Há no discurso político vontade para fazer uma reforma assim? Tem-se falado sobretudo no plafonamento.
Isso obriga a um entendimento profundo entre os diversos actores políticos. Se não houver esse entendimento numa base alargada, vamos sistematicamente deixar que o calendário político se sobreponha aos interesses da população.
Uma das questões de que fala no seu livro é que a máquina da Segurança Social é pesada e pouco transparente. A reforma também tem de passar por aí?
Seguramente que sim. Esta reforma tem de passar antes de mais pela simplificação do quadro legal. Não é possível administrar um sistema que é de uma complexidade tal que é inoperacional. Depois tem de passar pela estrutura do ministério: defendo a fusão de um conjunto de institutos, embora ache que não há gente a mais na Segurança Social. Podemos dizer que era preciso gente com outras competências em algumas áreas. Há ainda a questão do próprio sistema informático que, resultado desta complexidade do quadro legal, tem alguma dificuldade em responder às necessidades dos serviços e dos beneficiários.
No final deste ano, deveriam terminar medidas temporárias, como a CES. Como é que, no futuro, se consegue garantir igual nível de poupança?

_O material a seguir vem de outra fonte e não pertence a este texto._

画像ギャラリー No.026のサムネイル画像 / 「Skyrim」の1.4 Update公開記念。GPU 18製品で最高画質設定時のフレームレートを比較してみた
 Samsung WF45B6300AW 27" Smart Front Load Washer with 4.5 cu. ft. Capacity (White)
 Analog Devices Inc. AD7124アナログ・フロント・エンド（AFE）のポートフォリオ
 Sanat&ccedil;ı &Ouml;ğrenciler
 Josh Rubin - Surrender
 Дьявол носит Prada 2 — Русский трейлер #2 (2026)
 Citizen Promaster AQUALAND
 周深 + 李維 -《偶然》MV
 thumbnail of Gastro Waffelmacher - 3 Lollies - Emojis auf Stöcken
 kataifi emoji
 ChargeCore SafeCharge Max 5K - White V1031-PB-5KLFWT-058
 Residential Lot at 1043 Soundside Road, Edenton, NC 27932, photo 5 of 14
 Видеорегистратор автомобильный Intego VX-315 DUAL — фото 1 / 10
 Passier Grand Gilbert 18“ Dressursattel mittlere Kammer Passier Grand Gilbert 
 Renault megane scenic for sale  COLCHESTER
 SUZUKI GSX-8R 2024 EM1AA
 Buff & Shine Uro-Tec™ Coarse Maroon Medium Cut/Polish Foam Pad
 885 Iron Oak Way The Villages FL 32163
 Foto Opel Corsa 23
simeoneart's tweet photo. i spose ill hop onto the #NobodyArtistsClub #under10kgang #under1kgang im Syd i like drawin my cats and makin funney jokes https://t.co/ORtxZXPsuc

Sem um plano global, o que vai acontecer no próximo orçamento é uma nova discussão sobre um conjunto de medidas avulsas para garantir que não há um aumento da despesa. A saída da troika não nos reduz as responsabilidades, aumenta-as, até porque há obrigações ao nível do défice. Para 2015 teremos um desafio ainda maior e não temos instrumentos para além dos habituais. Quanto mais tempo se adiarem estas reformas, menos grau de liberdade teremos. Esta foi a grande oportunidade perdida, porque se tivéssemos feito a reforma do sistema em 2011, seguramente em 2015 e 2016 começávamos a ver os primeiros resultados dessa reforma.
Não tem grande esperança em relação à solução duradoura que está a ser preparada pelo Governo?
Se o mandato do grupo de trabalho for encontrar uma solução equivalente, vamos continuar com os mesmos problemas. Se se vai dedicar a uma reforma global, então há caminho a percorrer, sendo certo que os resultados não serão visíveis a seis meses, nem a um ano, nem a dois.